Aos 42 anos, Roberto Alvim acredita ser esse seu principal projeto criativo. “Sinto ter me preparado até agora para enfrentar essa miríade de complexidades que estão no livro.” Assim, é importante contar com a parceria com Safatle, iniciada em Caesar. Mas, se nesse primeiro trabalho a música executada ao vivo impulsionava os atores a darem o próximo passo, mostrando como a história nos despossui de nossos atos, agora, em Leite Derramado, Safatle pretende trabalhar com a ideia de plasticidade temporal e de presença espectral.
“Neste caso, a função da música é a de construir uma dimensão de espectralidade, de liminaridade, para produzir uma espécie de rememoração delirante na qual presente, passado e futuro se contraem em uma só dimensão. Um delírio muito parecido com o que é viver no Brasil”, comenta.
É importante lembrar que Safatle não compõe uma trilha sonora, ou seja, um tipo de música que se rende à mera condição de ser um sinal de orientação para um caminho externamente decidido. “Nós quisemos tirar a música de suas trilhas e dar ao teatro uma polifonia que permitiria à cena lidar com discursos recalcados e estratos subterrâneos. Pois é da natureza da música escavar o que não se deixa facilmente representar”, justifica Safatle.
Como vai lidar com um conjunto de dez músicos que estarão tocando ao vivo, Safatle pretende fazer um curso de regência sinfônica, pois “não queria que minhas limitações técnicas fossem o verdadeiro horizonte da concepção musical”. Ele se prepara também para trabalhar com um tesouro precioso: as melodias de Chico Buarque.
“A música de Chico Buarque é um universo em si mesmo.
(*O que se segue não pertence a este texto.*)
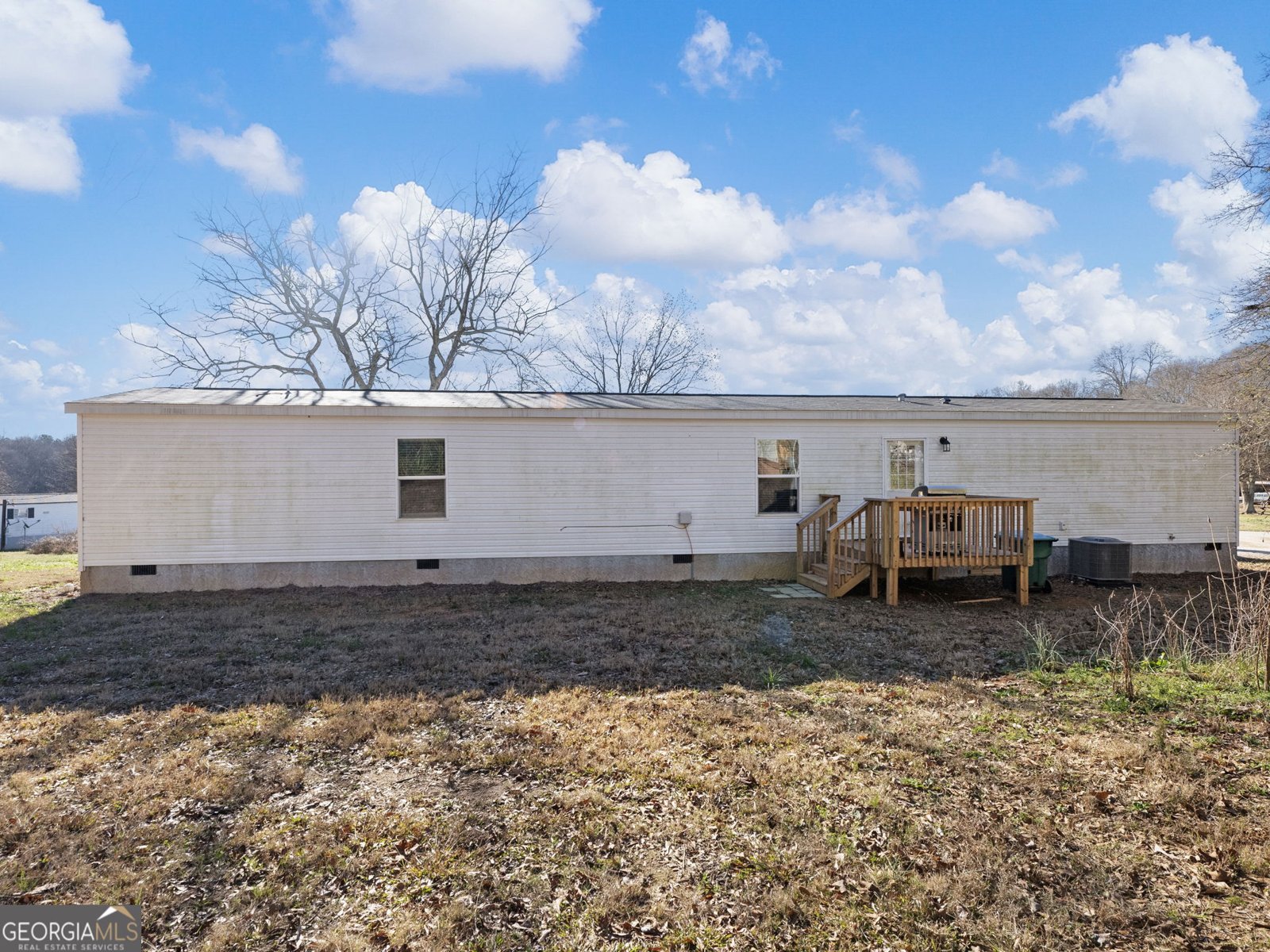 136 Pine Street Danielsville - Photo 31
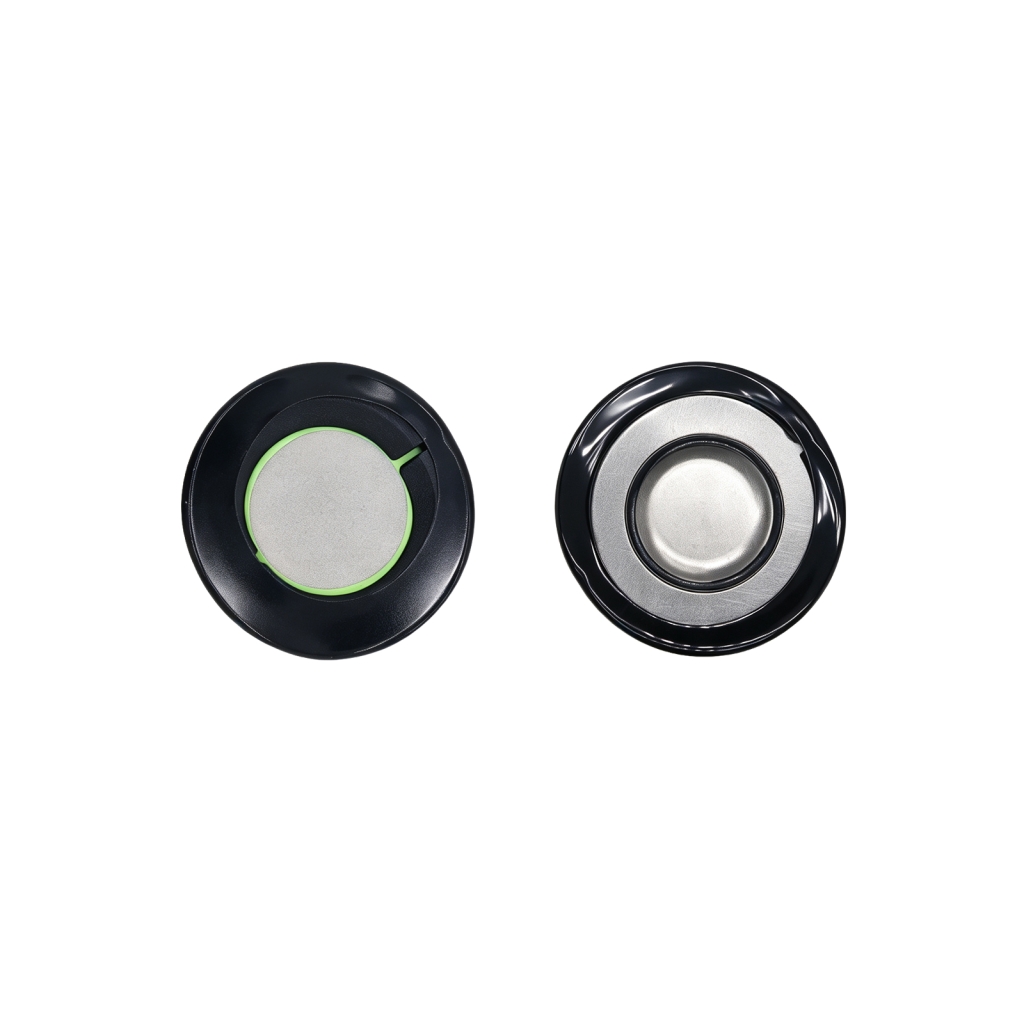 CS-SLX751FT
Não faria sentido usá-la como material de base”, conta Safatle. “Mas a música partirá de uma concepção de tempo própria ao Leite Derramado que, a meu ver, é uma expressão maior da temporalidade histórica brasileira. Eu queria ser fiel a tal compreensão formal, fazendo da música um tecido de tempos em imbricação, de velocidades simultâneas. Um tecido no qual mortos e vivos convivem em uma espessura espectral.”
O universo de Chico Buarque recriado para o teatro contará ainda com uma cenografia que, segundo Alvim, será uma resposta estética ao texto, portanto, se parecerá com uma instalação. Para isso, ele já conversa com artistas plásticos como Nuno Ramos, Cildo Meireles, Adriana Varejão, convidando-os para também pensar o Brasil de hoje.
Antes de Leite Derramado, porém, Roberto Alvim vai dirigir Peer Gynt, uma das mais fascinantes peças do norueguês Henrik Ibsen (1828-1906) e que deverá estrear no primeiro semestre de 2016 no Teatro Porto Seguro. E, para o papel do irresponsável e aventureiro que vai prejudicando uns e outros pela vida, sem sequer se dar conta do que faz, será do comediante Eduardo Sterblicht, do programa Pânico na Band. “Ele tem a melancolia de Buster Keaton e o humor transgressor de Andy Kaufman. Sei que dará certo.”
As informações são do jornal O Estado de S. Paulo.